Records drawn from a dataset
- Opening Delimiter -

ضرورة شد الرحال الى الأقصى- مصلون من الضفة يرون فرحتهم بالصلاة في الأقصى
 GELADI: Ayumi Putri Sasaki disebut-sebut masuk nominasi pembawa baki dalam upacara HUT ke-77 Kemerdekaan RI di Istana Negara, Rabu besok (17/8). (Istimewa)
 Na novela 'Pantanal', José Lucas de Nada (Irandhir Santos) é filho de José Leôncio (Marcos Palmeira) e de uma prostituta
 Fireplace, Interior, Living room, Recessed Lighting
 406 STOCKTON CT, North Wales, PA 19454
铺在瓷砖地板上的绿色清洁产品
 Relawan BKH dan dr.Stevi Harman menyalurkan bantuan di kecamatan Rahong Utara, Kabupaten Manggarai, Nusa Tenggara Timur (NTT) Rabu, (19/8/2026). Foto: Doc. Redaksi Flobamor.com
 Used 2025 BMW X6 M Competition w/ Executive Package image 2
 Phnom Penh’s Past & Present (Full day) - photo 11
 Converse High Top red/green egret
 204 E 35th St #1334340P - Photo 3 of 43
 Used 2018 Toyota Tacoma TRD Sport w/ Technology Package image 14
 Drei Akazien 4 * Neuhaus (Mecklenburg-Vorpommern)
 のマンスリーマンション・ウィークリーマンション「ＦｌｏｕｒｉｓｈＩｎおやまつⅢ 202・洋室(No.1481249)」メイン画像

- Closing Delimiter -

Every record above should be copied exactly.

ضرورة شد الرحال الى الأقصى- مصلون من الضفة يرون فرحتهم بالصلاة في الأقصى
 GELADI: Ayumi Putri Sasaki disebut-sebut masuk nominasi pembawa baki dalam upacara HUT ke-77 Kemerdekaan RI di Istana Negara, Rabu besok (17/8). (Istimewa)
 Na novela 'Pantanal', José Lucas de Nada (Irandhir Santos) é filho de José Leôncio (Marcos Palmeira) e de uma prostituta
 Fireplace, Interior, Living room, Recessed Lighting
 406 STOCKTON CT, North Wales, PA 19454
铺在瓷砖地板上的绿色清洁产品
 Relawan BKH dan dr.Stevi Harman menyalurkan bantuan di kecamatan Rahong Utara, Kabupaten Manggarai, Nusa Tenggara Timur (NTT) Rabu, (19/8/2026). Foto: Doc. Redaksi Flobamor.com
 Used 2025 BMW X6 M Competition w/ Executive Package image 2
 Phnom Penh’s Past & Present (Full day) - photo 11
 Converse High Top red/green egret
 204 E 35th St #1334340P - Photo 3 of 43
 Used 2018 Toyota Tacoma TRD Sport w/ Technology Package image 14
 Drei Akazien 4 * Neuhaus (Mecklenburg-Vorpommern)
 のマンスリーマンション・ウィークリーマンション「ＦｌｏｕｒｉｓｈＩｎおやまつⅢ 202・洋室(No.1481249)」メイン画像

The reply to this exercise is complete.